En octobre 2012, le FMI a fourni une clé d’explication de l’approfondissement de la crise en Europe. Son service d’étude a affirmé que chaque euro de réduction de dépenses publiques entraînait une réduction du Produit intérieur brut (PIB) comprise entre 0,9 et 1,7 euro. Wolfgang Münchau, éditorialiste au Financial Times, en déduit qu’en ces temps de crise, un ajustement budgétaire de 3% (c’est-à -dire une réduction de dépenses publiques de 3%) produit une réduction du PIB de 4,5% |1|. Dès lors, la politique suivie par les gouvernements européens conduit à une baisse de l’activité économique et empêche de réduire le poids de la dette publique. Comme le dit Wolfgang Münchau, il ne faut pas se méprendre sur la motivation du FMI :« Le FMI ne dit pas que l’austérité est trop forte, injuste, provoque trop de souffrance à court terme ou que les pauvres sont plus touchés que les riches. Il dit simplement que l’austérité risque de ne pas permettre d’atteindre l’objectif de réduction de la dette dans un délai raisonnable |2|. »

De son côté, si Christine Lagarde, directrice générale du FMI, a laissé entendre qu’on devrait répartir sur une plus longue période le démarrage de certains efforts d’austérité et qu’on pourrait augmenter certaines dépenses publiques afin de stimuler l’économie, c’est qu’elle est mise sous pression par les pays émergents membres du FMI (notamment les Brics, avec en tête la Chine et le Brésil) qui craignent l’effet boomerang de la baisse des importations européennes et critiquent l’importance de l’engagement financier du FMI en Europe.
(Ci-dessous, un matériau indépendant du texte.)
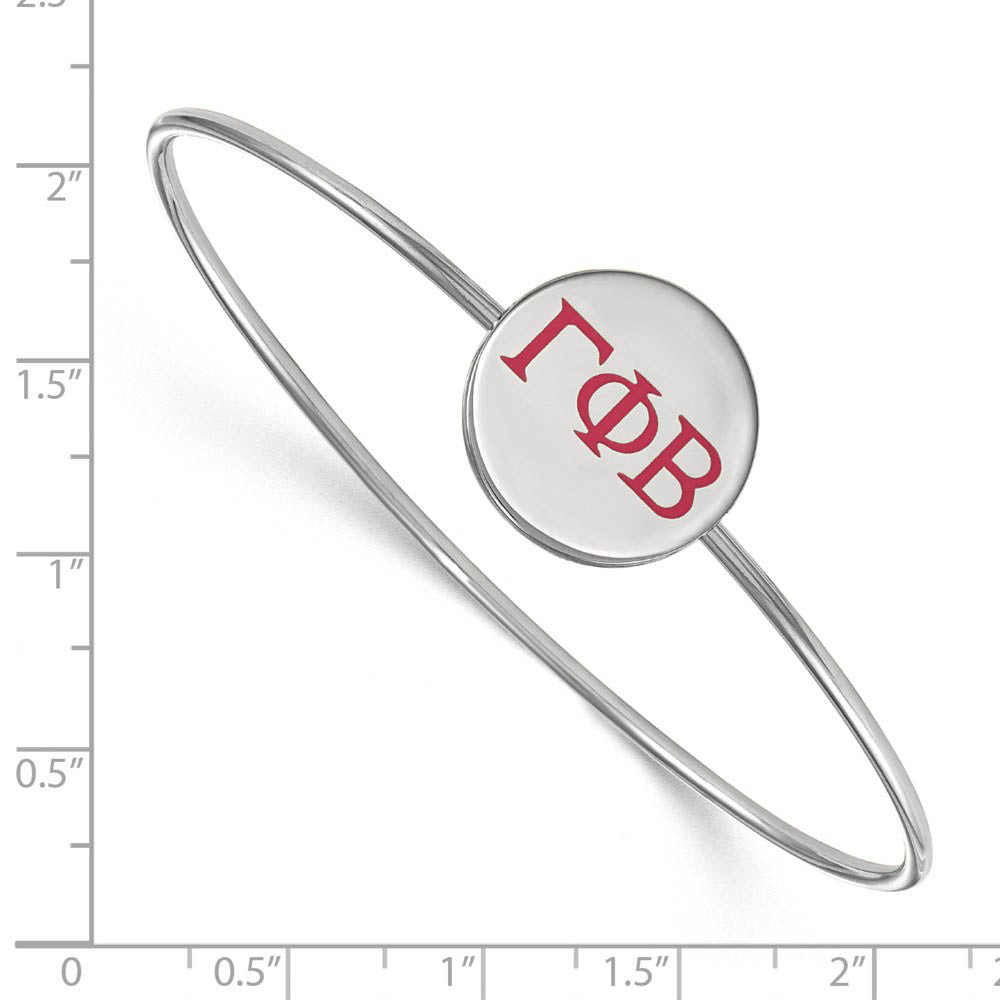 Alternate view of the Sterling Silver Gamma Phi Beta Enamel Pink Greek Letter Bangle - 7 in. by The Black Bow Jewelry Co.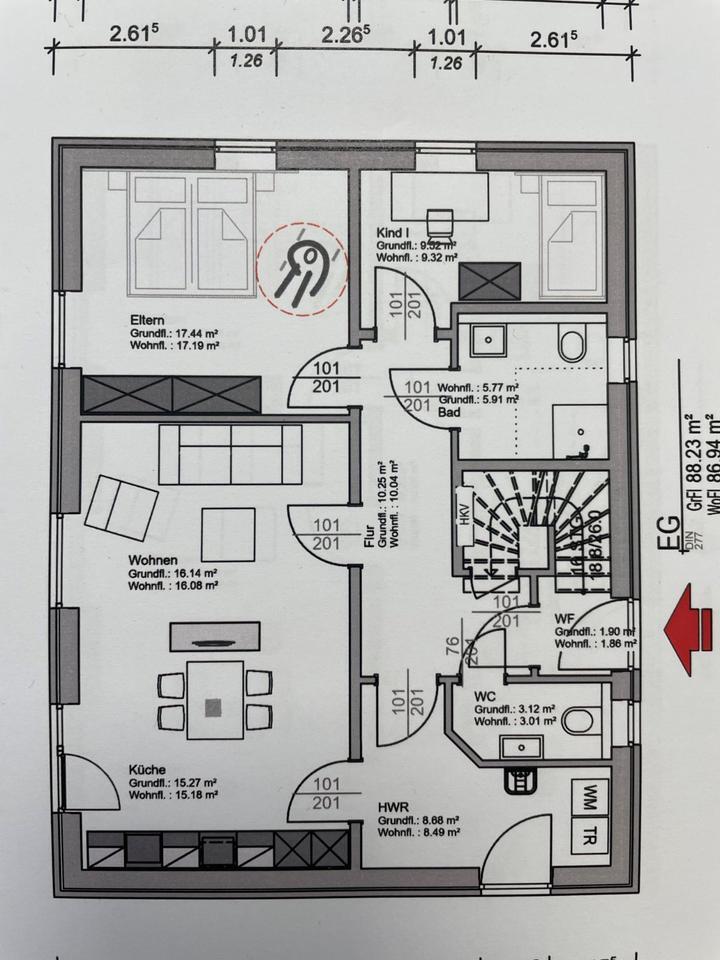 schöne 3ZKB Erdgeschoßwohnung zu vermieten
La directrice du FMI a exprimé ce point de vue à Tokyo, lors de l’assemblée annuelle du FMI et de la Banque mondiale en octobre 2012. Le document du FMI et les recommandations de Christine Lagarde ont soulevé des réactions de mécontentement de la part des dirigeants européens. Par exemple, à Tokyo, Wolfgang Schaüble, ministre des Finances du gouvernement Merkel, a publiquement critiqué Christine Lagarde pour son intervention intempestive |3|.
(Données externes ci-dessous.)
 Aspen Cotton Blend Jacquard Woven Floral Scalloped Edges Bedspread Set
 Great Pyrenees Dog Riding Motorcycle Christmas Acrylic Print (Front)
Wolfgang Münchau considère que les réserves exprimées par le FMI sur la profondeur des mesures d’austérité ne modifieront en rien l’attitude des dirigeants européens qui campent sur une ligne dure : « Les gouvernants européens sont paranoïaques quand leur crédibilité est en jeu, et je prévois qu’ils vont maintenir le cap sur l’austérité jusque sa conclusion amère, quand cette politique implosera |4|. »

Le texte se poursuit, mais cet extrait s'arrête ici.